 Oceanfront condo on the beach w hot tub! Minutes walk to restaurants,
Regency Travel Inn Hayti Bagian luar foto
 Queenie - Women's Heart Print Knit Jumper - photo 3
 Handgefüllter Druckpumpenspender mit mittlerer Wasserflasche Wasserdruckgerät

──────────────────────────────

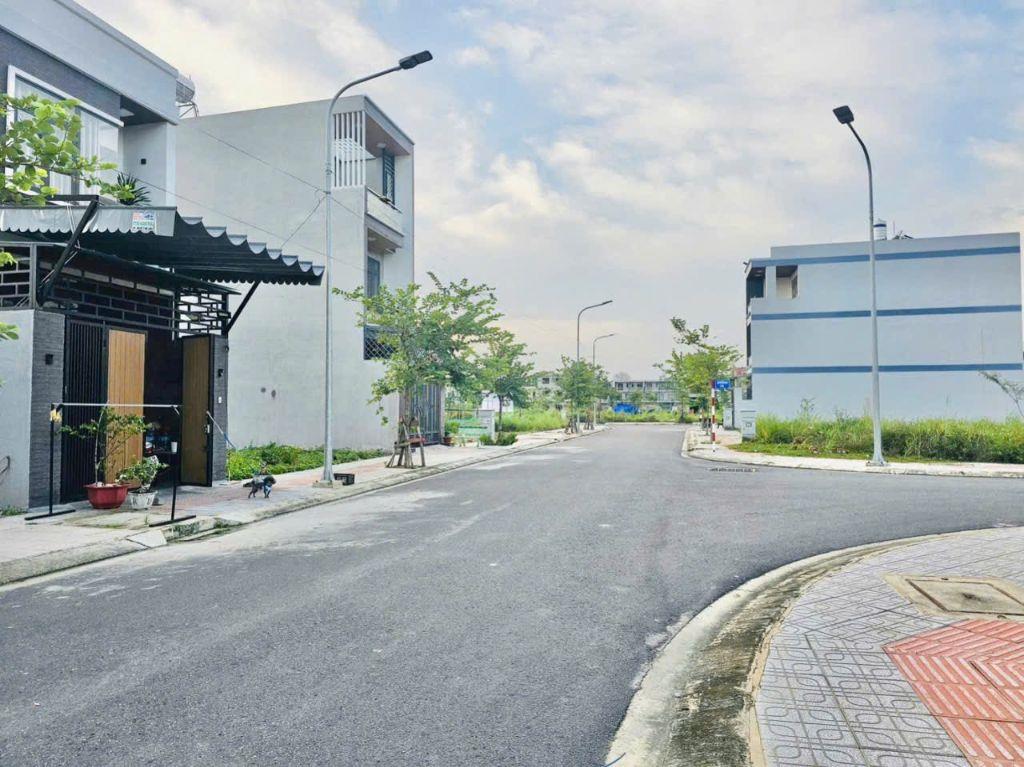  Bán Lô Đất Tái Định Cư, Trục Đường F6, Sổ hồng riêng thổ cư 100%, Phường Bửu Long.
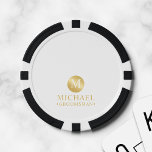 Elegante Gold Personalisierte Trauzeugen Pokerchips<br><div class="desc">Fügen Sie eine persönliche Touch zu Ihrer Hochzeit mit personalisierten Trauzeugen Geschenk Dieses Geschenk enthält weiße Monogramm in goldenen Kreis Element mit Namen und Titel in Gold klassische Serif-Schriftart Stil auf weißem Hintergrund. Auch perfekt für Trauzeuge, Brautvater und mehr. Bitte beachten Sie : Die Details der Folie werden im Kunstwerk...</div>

──────────────────────────────

What the task requires:
From the records above, copy only the lines starting with the line that holds "Oceanfront condo on" and going on through the line that holds "Handgefüllter Druckpumpenspender mit", exactly as written.

Output of the task:
 Oceanfront condo on the beach w hot tub! Minutes walk to restaurants,
Regency Travel Inn Hayti Bagian luar foto
 Queenie - Women's Heart Print Knit Jumper - photo 3
 Handgefüllter Druckpumpenspender mit mittlerer Wasserflasche Wasserdruckgerät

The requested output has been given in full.